If you’re a professional SEM, chances are you’ve inherited your fair share of pay-per-click accounts from clients seeking a helping hand. Taking on these clients who have tried their hand at PPC and failed can be a great opportunity for you to prove the value of your services. The downside, however, is that these accounts are undoubtedly in shambles. When you add the wild card of Google AdWords Quality Score to your equation, this becomes an even bigger hurtle to jump. But don’t fret, with a little patience and careful consideration of your strategy, inheriting an AdWords account can work out just fine.
This has been a topic of discussion here at PPC Hero for some time, and we had the opportunity to talk it out with our Google representatives.

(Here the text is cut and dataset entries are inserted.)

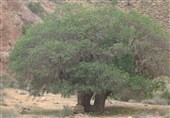 بنه چلتوک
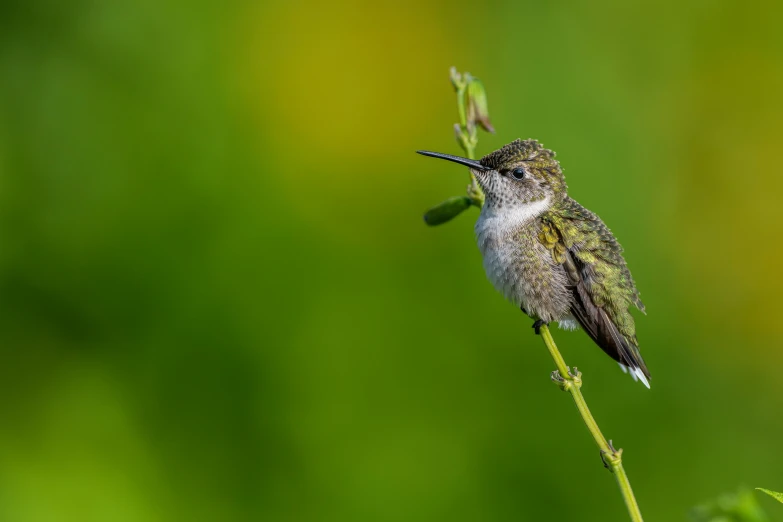 a close - up view of the front side of the hummingbird and its long beak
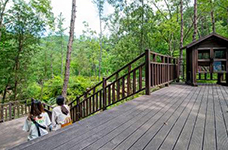 Busan Healing Forest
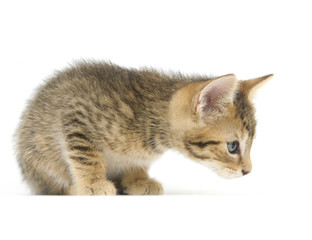 Tabby kitten sniffing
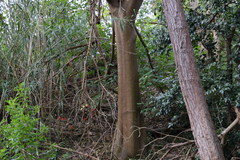 Erythrina ×sykesii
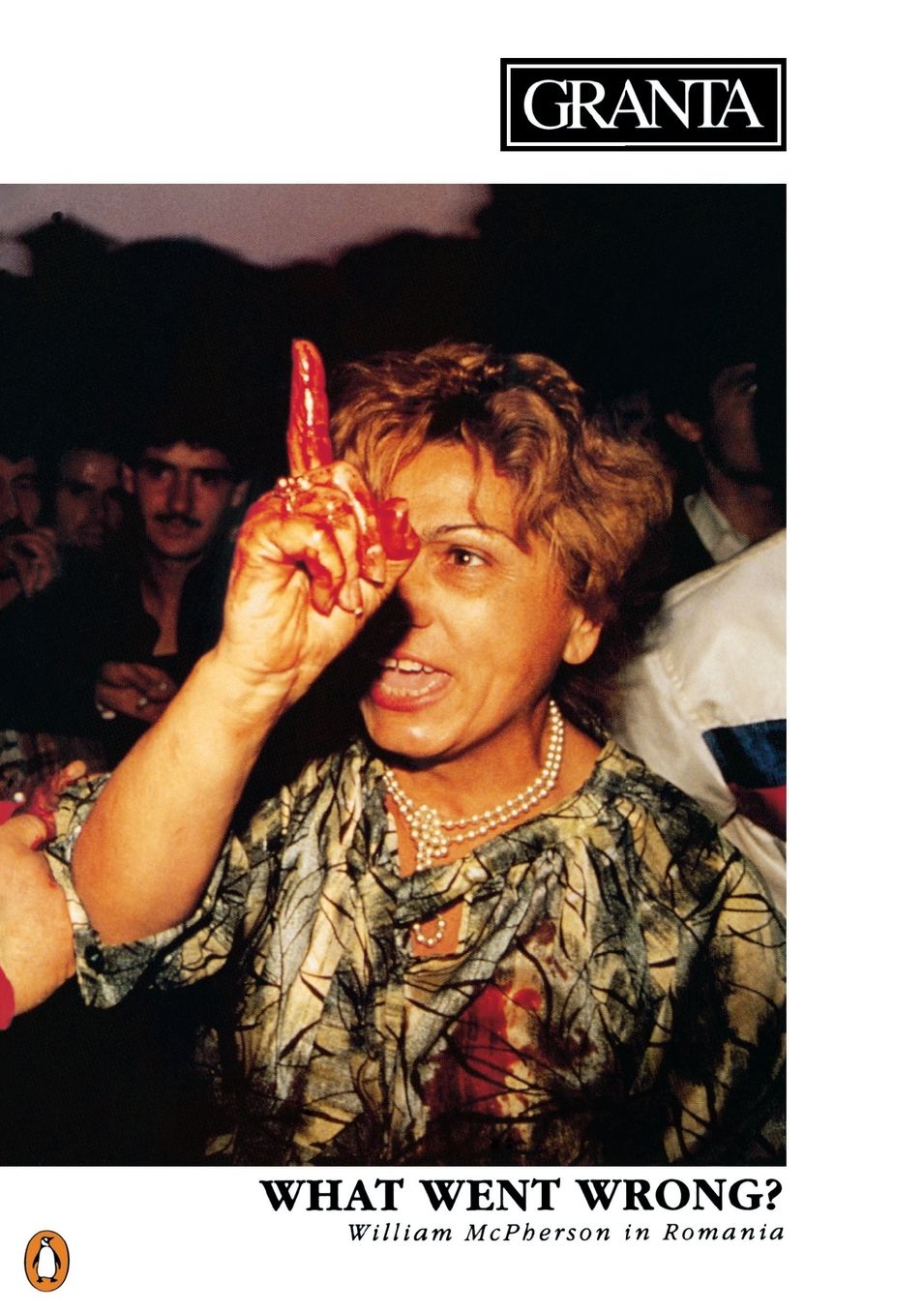 What Went Wrong? (Granta #33)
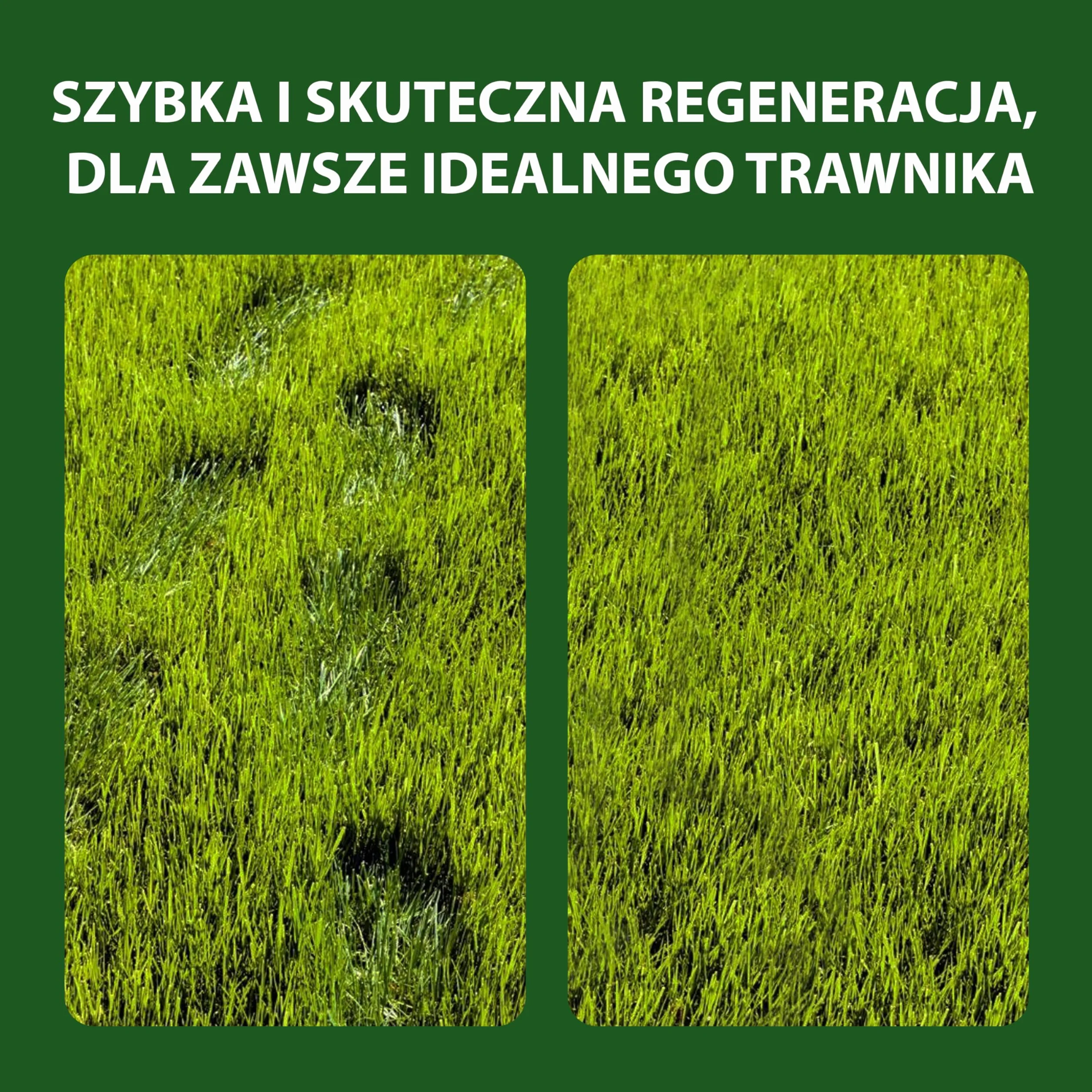 LERAVA Nasiona trawnika Cynodon dactylon (500 g) - Na 50 m² - Deptany i odporne na suszę - Idealne do trawników śródziemnomorskich i nadmorskich - Zużywa do 20% mniej wody - Made in Italy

We pelted our Googlers with questions ranging from Quality Score effects to best-practice repair methodologies. Is it better to start from scratch or attempt fixing an account? What about an account level Quality Score? Based on that conversation and our findings, I would like to propose 5 things for you to consider the next time you inherit an AdWords account:
- Perform AdWords Triage: Before you can do anything to a client’s account, you must assess the damage! How is the account organized? One campaign, one ad group, 300 keywords? I hope not. What about the keywords? Are they relevant to the client’s product or service? You can even take this a step farther and consider match types, negative keyword selection, negative site lists and account settings. Depending on how savvy your new client was, this stage of the “inheritance” could provide the biggest clues to your next steps.
- New Campaign or New Account?: For those of us used to building PPC accounts from the ground up, this question almost answers itself. Building out a new account would allow for greater flexibility from the get-go, it would limit “clutter” to work around and could allow the account to start with a clean slate. This is where the issue of Quality Score comes into play. For good or bad, the account you’ve inherited has earned a history with Google. It is very likely that optimizing the campaigns within the inherited account will allow you to build on that history for a quicker return-on-time-investment (ROTI anyone?).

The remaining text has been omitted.